Still, my own turret-mode tendencies aside, the combat is actually quite exciting, and somewhat reminiscent of the cool-down management you find in MOBAs. Your character has a passive skill and four active abilities (decided during creation), and these strongly dictate how you play your ship. I chose a sniper type build, enjoying long-range combat, and was rewarded with a shot that does more damage at long range, an ability that instantly pushed targets away a good distance, a decoy to draw their fire, and, upon reaching level five, a long-range warhead. These abilities can be upgraded as you level up your character, growing more powerful as you invest skill points into them, though I’m not sure if you get new ones as you go further in the game.
Take command of ship making, fleet control, and overall management
You can also upgrade various passive perks that increase the effectiveness of yourself and your ship. These are more important to the broader, perhaps more unique take on the game: the warlord part. This title seems to have as a core concept a capital ship sim merged with a 4X type game. The early game of the campaign is spent leveling your individual ship and working to improve that, but once I completed the run-up missions, I could actually take command of the ship making, fleet control, and overall management of my faction. I was fairly excited about this, as it lets you research, explore, conquer territory, and deal with other factions in something of an interesting manner. It can also build and deploy fleets that can operate alone or support you in your endeavors. And don’t overlook conquering territory, as it allows you to build facilities that benefit your faction and provide tangible resources or utility.
It’s pleasing to watch the map come under your control, all the more so with Warlord’s graphics, which beautifully render the worlds and detritus of the Gemini system. However, while the visuals are nice on the eyes, I don’t know if you would call them current-gen. I did notice a few times that objects popped into existence a little too close to not be jarring, and once or twice it seemed the textures were a bit low resolution, but neither of these were huge issues. If there is any big issue graphically, it might be that the universe is very dark. It was frequently difficult to see other ships without all the targeting highlights and such. What’s more, these highlights sometimes obscure your target, so even up close you couldn’t really get a good look at what you were locked-on to, which was a pity, because what I did see was gorgeous.
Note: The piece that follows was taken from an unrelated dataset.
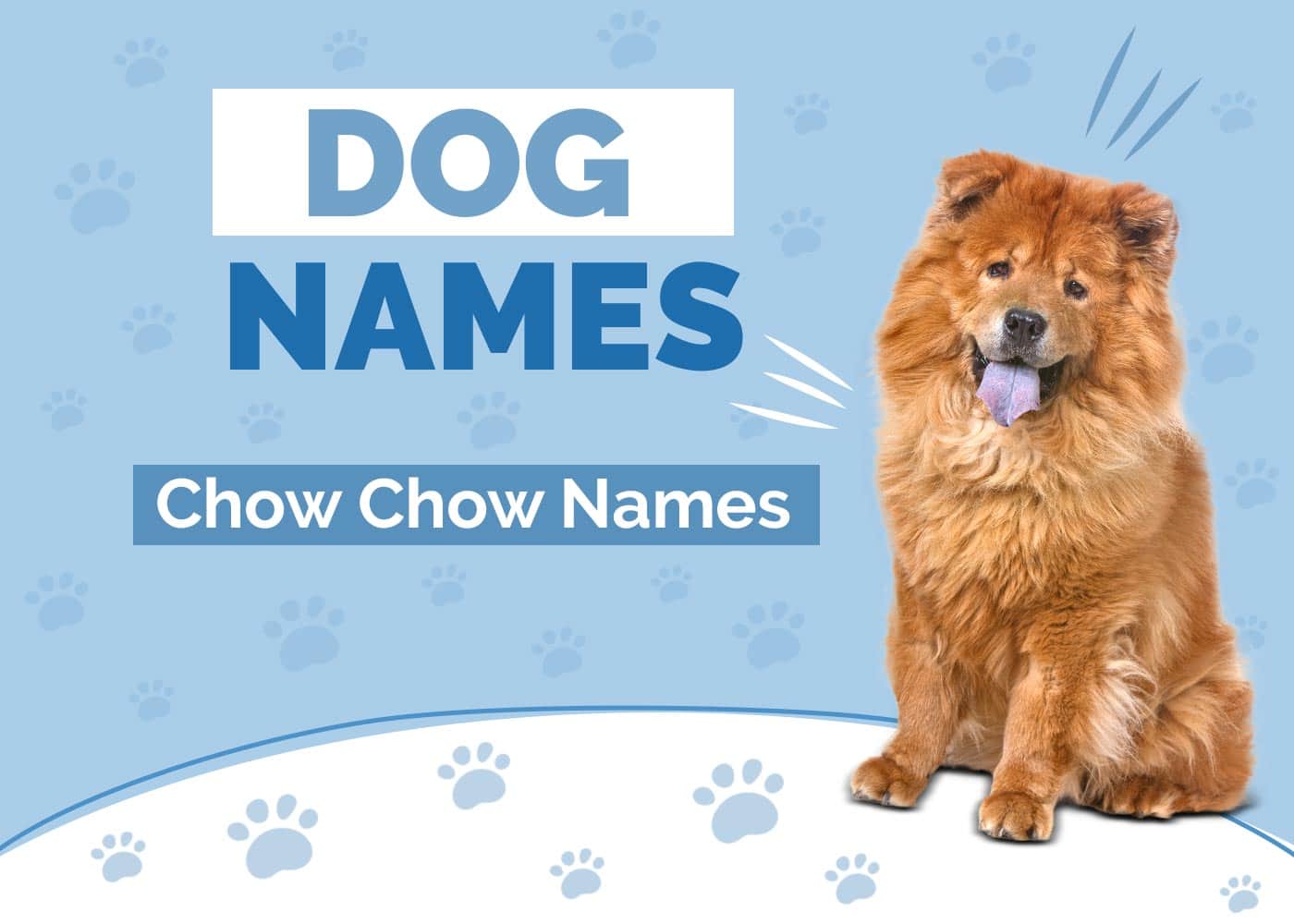 100+ Chow Chow Names: Ideas for Fluffy & Comforting Dogs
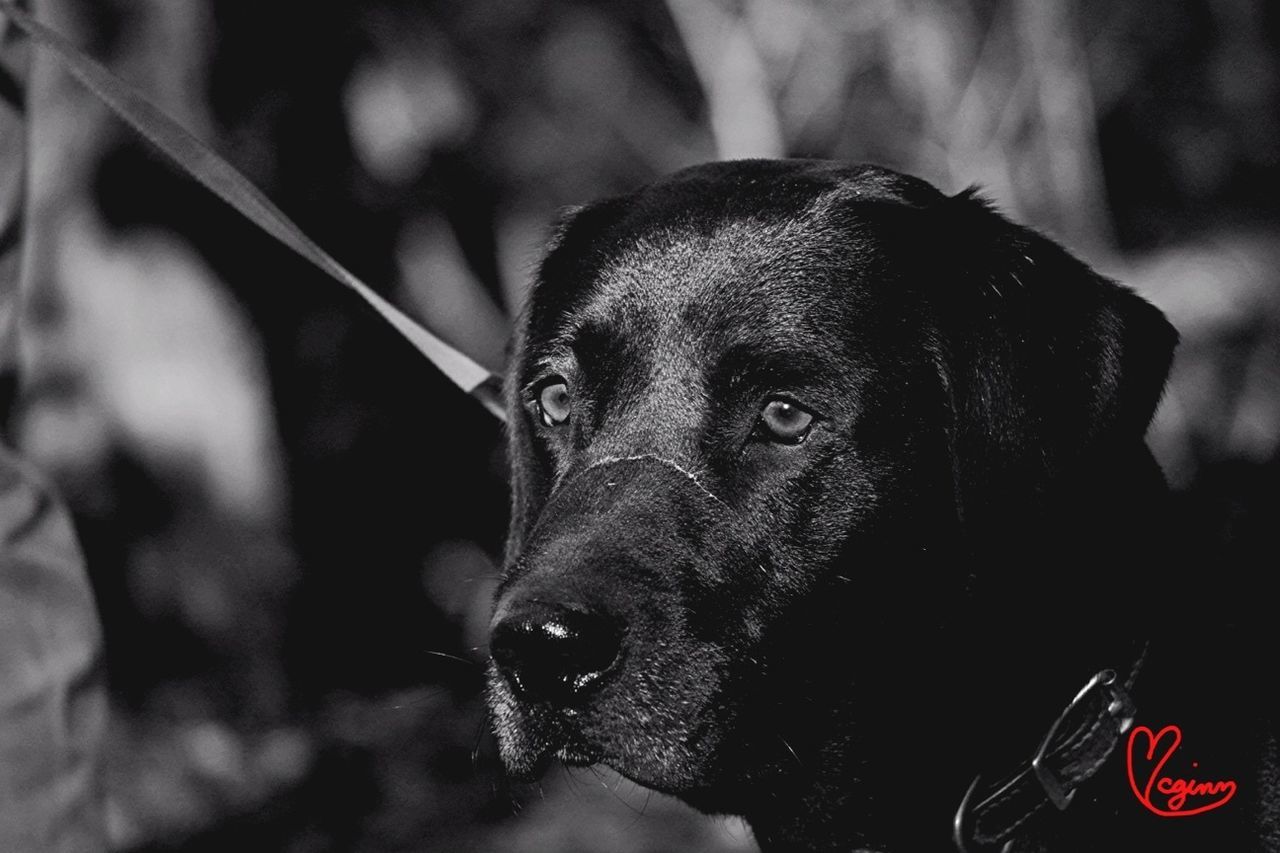 one animal, animal themes, dog, pets, focus on foreground, domestic animals, looking at camera, close-up, mammal, portrait, animal head, part of, black color, animal body part, one person, day, outdoors, pet collar, front view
Speaking of visuals, you’re allowed to customize your own ship in the shipyard, giving it new paint and decals. I enjoy that kind of customization a lot, though I have to admit, the implementation is a bit clunky. If you’re a stickler for detail, it can be a bit of a pain to get the clean lines you might want, and I believe some level of detail is simply beyond the engine. Still, it’s a nice touch.
The soundtrack was also on point, with music that I, for a change, didn’t mute after the first couple of hours. I suppose this is subjective, but I didn’t find the BGM grating after a long stretch, as one sometimes does. And the battle sound effects were crisp, energetic, and exciting. I’m not exactly an audiophile, but I was pleased.
The OPN Dev Talk
Starpoint Gemini Warlords is a fine title, though it’s not without the occasional rough edge. Solid gameplay, with smooth controls, is hampered by a frustrating camera, but an interesting (albeit sometimes compromising) mix of single-ship combat and 4X civilization management, and great graphics, seal the deal.